Only the lines below from the one containing "Decorative Fabric Woolly" through the one containing "2012 Topps Pro" belong in the answer, set down exactly, with the pictures left out.

Material for the task: Begin

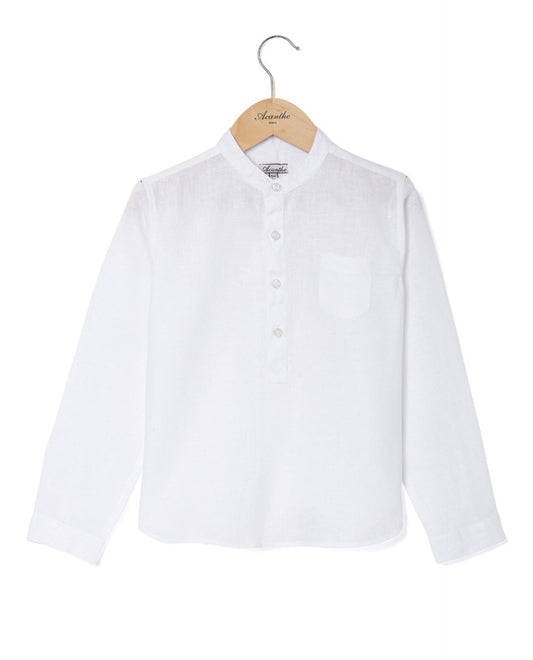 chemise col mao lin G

Material for the task: End
Material for the task: Begin

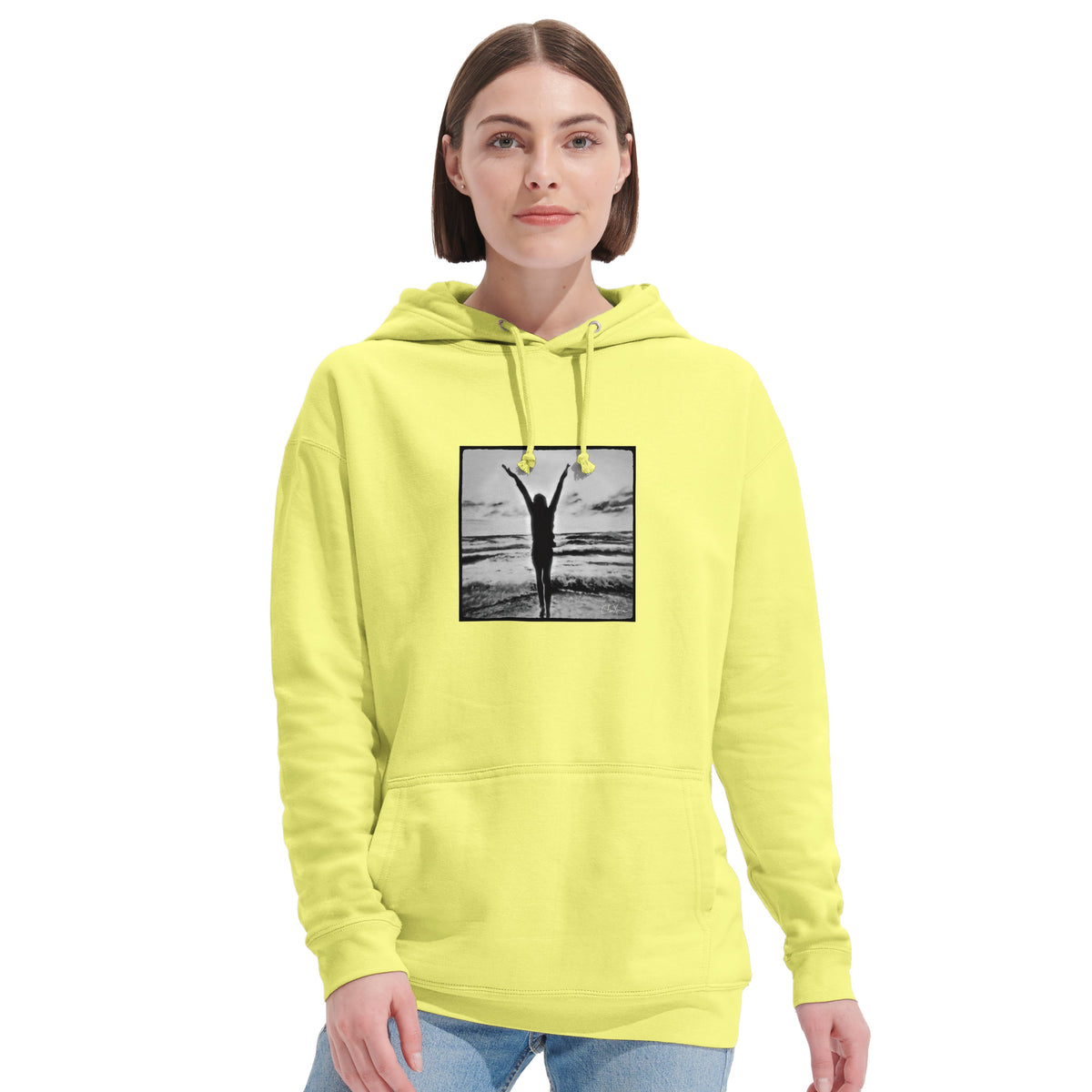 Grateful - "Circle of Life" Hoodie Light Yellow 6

Material for the task: End
Material for the task: Begin

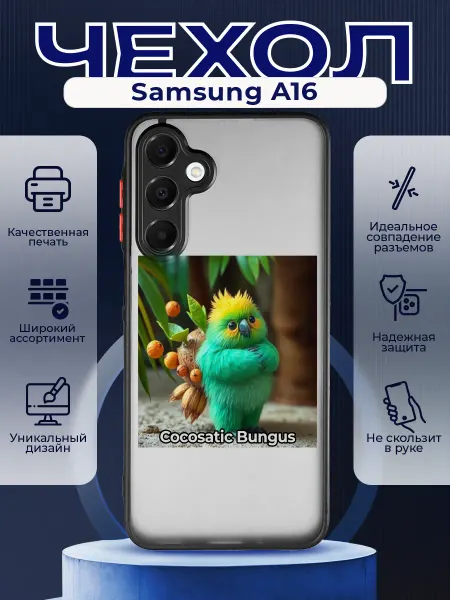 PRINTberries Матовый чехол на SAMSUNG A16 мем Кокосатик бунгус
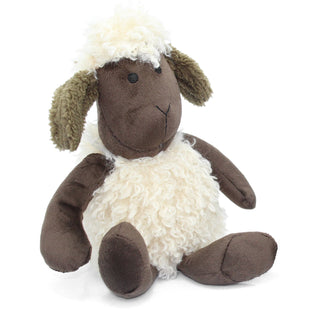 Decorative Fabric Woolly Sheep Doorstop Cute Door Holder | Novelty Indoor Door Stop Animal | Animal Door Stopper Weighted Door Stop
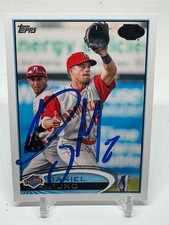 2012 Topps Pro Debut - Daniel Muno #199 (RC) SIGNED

Material for the task: End

#### [Result of this exercise]
 Decorative Fabric Woolly Sheep Doorstop Cute Door Holder | Novelty Indoor Door Stop Animal | Animal Door Stopper Weighted Door Stop
 2012 Topps Pro Debut - Daniel Muno #199 (RC) SIGNED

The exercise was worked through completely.